Plankton has two roles with respect to climate: first as an indicator of climate change in present day populations and in the fossil record and second as a factor contributing to climate change through, for example, its role in the CO sub(2) cycle, in cloud formation via dimethylsulfide (DMS) production, and in altering the reflectivity of sea water as a component of suspended particulate matter. Current research on both the contribution of plankton to climate change and its role as an indicator of change are central to predicting potential scenarios that may occur in the future at a time when global mean temperatures are predicted to rise at an unprecedented rate by 1.5-6 degree C within the next 100 years.

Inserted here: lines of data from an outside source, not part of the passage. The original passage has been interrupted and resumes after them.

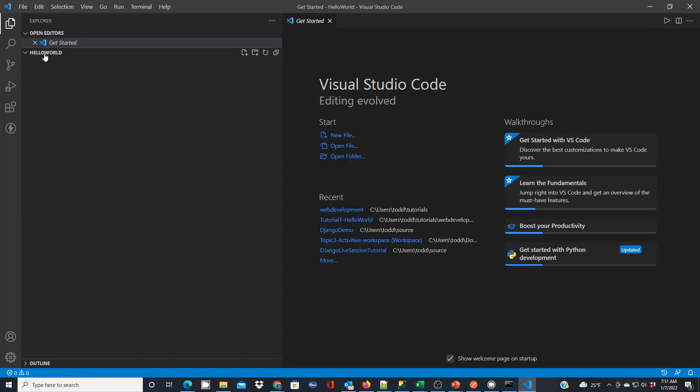So now here I am. I have hello world, but I have no files in there yet. What I want to do is create a quick hello world PHP. But before I do that, I need to tell VS Code, hey, I have a PHP interpreter and I want you to use it.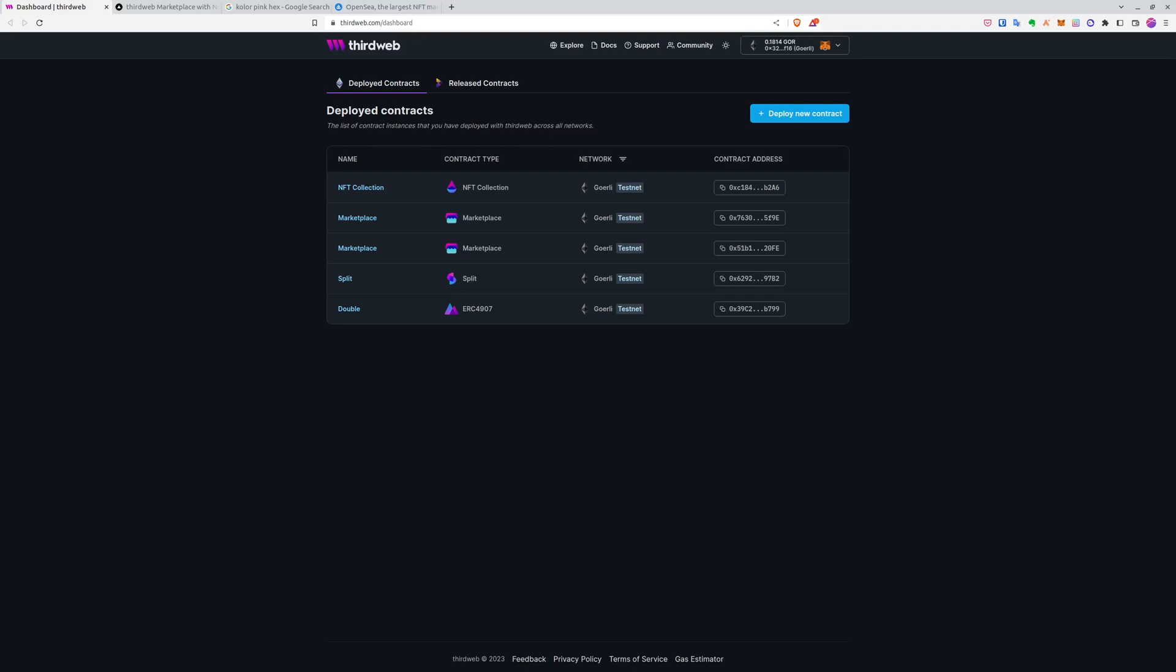Hello, in today's video we will create a whole NFT marketplace worthy of OpenSea where we can buy, sell and list NFTs in less than 10 minutes. So let's hop into it.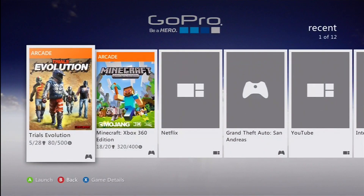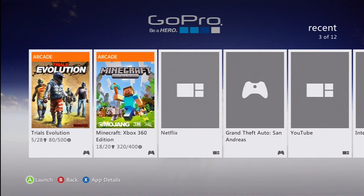Then you go to your Netflix and open it up. What this does is it tricks your Netflix into thinking that you're at an American address, so it gives you the American Netflix.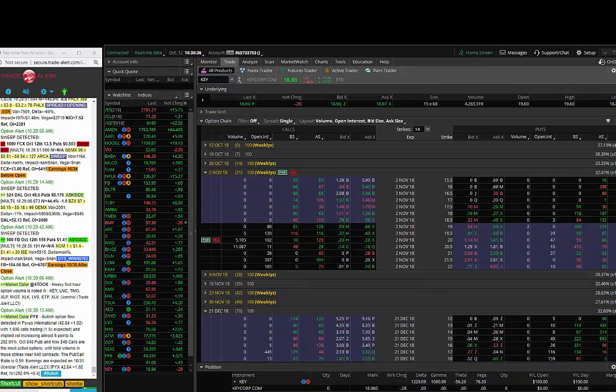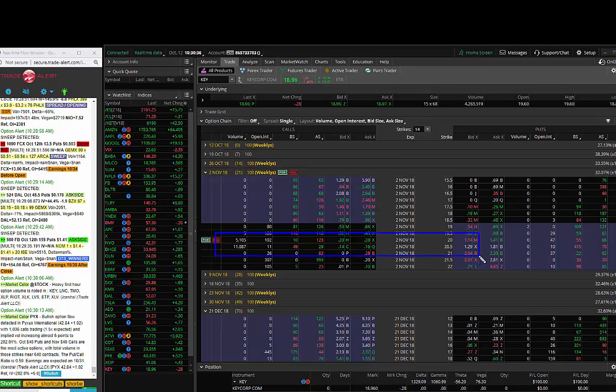It's kind of hard to see if they were one-by-twos or if they were bought calls. It looks like they actually bought two calls, so I got into this trade. They bought KEY, and they have earnings coming up. The November 2nd twenty-dollar calls and also the November 2nd twenty-and-a-half-dollar calls.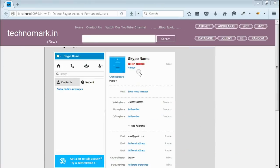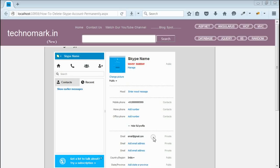You can change all personal information except Skype username. Let's consider how to change all your personal information in Skype.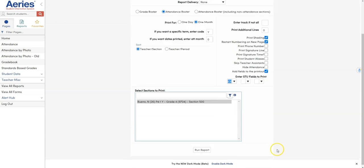I'm going to come on down and make sure that this is in fact the course. It would look slightly different if you have multiple periods, but in this case it's a 3-5 teacher with a self-contained class. Make sure that's your course and I'm going to click run report.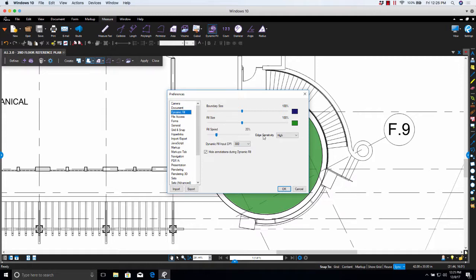Edge Sensitivity. This allows you to select the sensitivity used when detecting boundaries when filling a shape. Depending on the line weights in the content layer of the PDF, boundaries might be missed or false positives picked up, and adjusting this setting can correct these issues.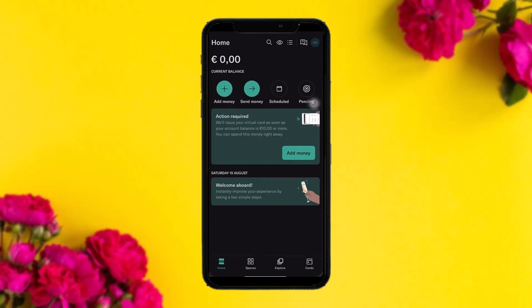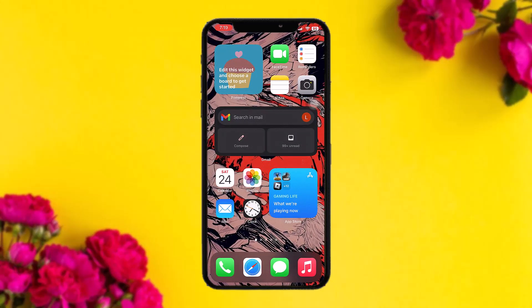Once you tap on that, all you have to do is confirm and follow the deletion process. And that's basically how you can cancel your N26 account. That's it for today's video.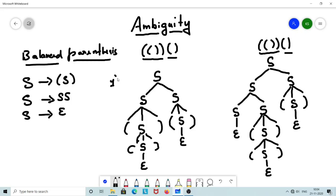With the only remaining S, I substitute it as (S) and then S is substituted to ε. If you observe, using left-most derivation I was able to generate the same string in two different ways. Both derivations are correct. Since I have more than one parse tree for the same derived string, the grammar is ambiguous. In fact, for this particular string, I can have an infinite number of parse trees, because I can have n copies of S all substituted as ε. This makes our grammar ambiguous.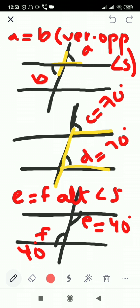So to summarize: vertically opposite angles are equal, corresponding angles are equal, and alternate angles are also equal.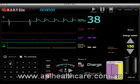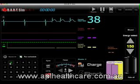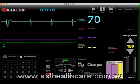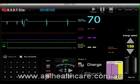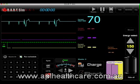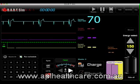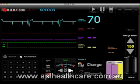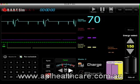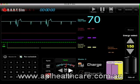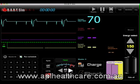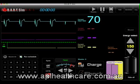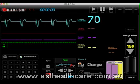We also have a pacer function. Once the pacer is activated, you then have to increase the milliamps in order to see full capture, and once you have full capture you can also adjust the rate right here below.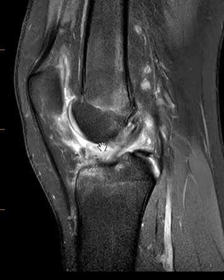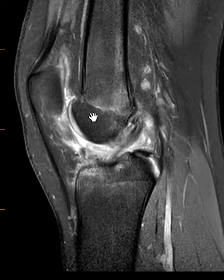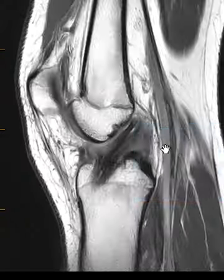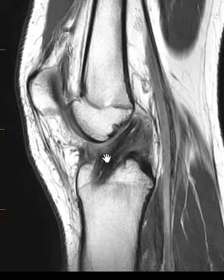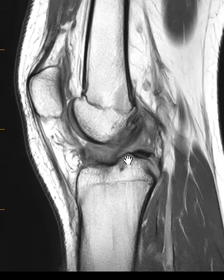But the main finding is here in front of the graft. There's this area of mixed signal intensity on this PD-FATSAT sequence in the front of the graft. We see this on the T1 images very well — right here, this mound of gray intermediate signal intensity. And this is arthrofibrosis.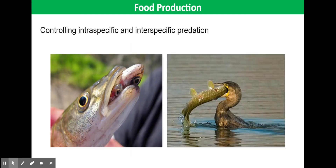Another advantage of fish farms is that you can control intra- and inter-specific predation. Intra-specific predation is competition within the same species. Fish are separated by size and age using nets to prevent intra-specific competition. Inter-specific competition or predation is competition between different species. Different species of fish are separated by fences, nets, and tanks to prevent inter-specific predation.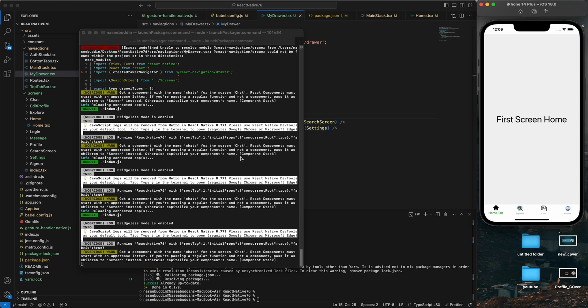We faced a version mismatch issue with the drawer navigation, which we resolved by downgrading to the matching version and re-running the app. This is the drawer navigator, completing the whole React Navigation series. See you in the next video - bye bye!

Effect of ocean acidification and elevated fCO2 on trace gas production by a Baltic Sea summer phytoplankton community

The Baltic Sea is a unique environment as the largest body of brackish water in the world. Acidification of the surface oceans due to absorption of anthropogenic CO2 emissions is an additional stressor facing the pelagic community of the already challenging Baltic Sea. To investigate its impact on trace gas biogeochemistry, a large-scale mesocosm experiment was performed off Tvärminne Research Station, Finland in summer 2012. During the second half of the experiment, dimethylsulphide (DMS) concentrations in the highest fCO2 mesocosms (1075–1333 μatm) were 34 % lower than at ambient CO2 (350 μatm). However the net production (as measured by concentration change) of seven halocarbons analysed was not significantly affected by even the highest CO2 levels after 5 weeks exposure. Methyl iodide (CH3I) and diiodomethane (CH2I2) showed 15 % and 57 % increases in mean mesocosm concentration (3.8 ± 0.6 pmol L−1 increasing to 4.3 ± 0.4 pmol L−1 and 87.4 ± 14.9 pmol L−1 increasing to 134.4 ± 24.1 pmol L−1 respectively) during Phase II of the experiment, which were unrelated to CO2 and corresponded to 30 % lower Chl-ɑ concentrations compared to Phase I. No other iodocarbons increased or showed a peak, with mean chloroiodomethane (CH2ClI) concentrations measured at 5.3 (± 0.9) pmol L−1 and iodoethane (C2H5I) at 0.5 (± 0.1) pmol L−1. Of the concentrations of bromoform (CHBr3; mean 88.1 ± 13.2 pmol L−1), dibromomethane (CH2Br2; mean 5.3 ± 0.8 pmol L−1) and dibromochloromethane (CHBr2Cl, mean 3.0 ± 0.5 pmol L−1), only CH2Br2 showed a decrease of 17 % between Phases I and II, with CHBr3 and CHBr2Cl showing similar mean concentrations in both Phases. Outside the mesocosms, an upwelling event was responsible for bringing colder, high CO2, low pH water to the surface starting on day t16 of the experiment; this variable CO2 system with frequent upwelling events implies the community of the Baltic Sea is acclimated to regular significant declines in pH caused by up to 800 μatm fCO2. After this upwelling, DMS concentrations declined, but halocarbon concentrations remained similar or increased compared to measurements prior to the change in conditions. Based on our findings, with future acidification of Baltic Sea waters, biogenic halocarbon emissions are likely to remain at similar values to today, however emissions of biogenic sulphur could significantly decrease from this region.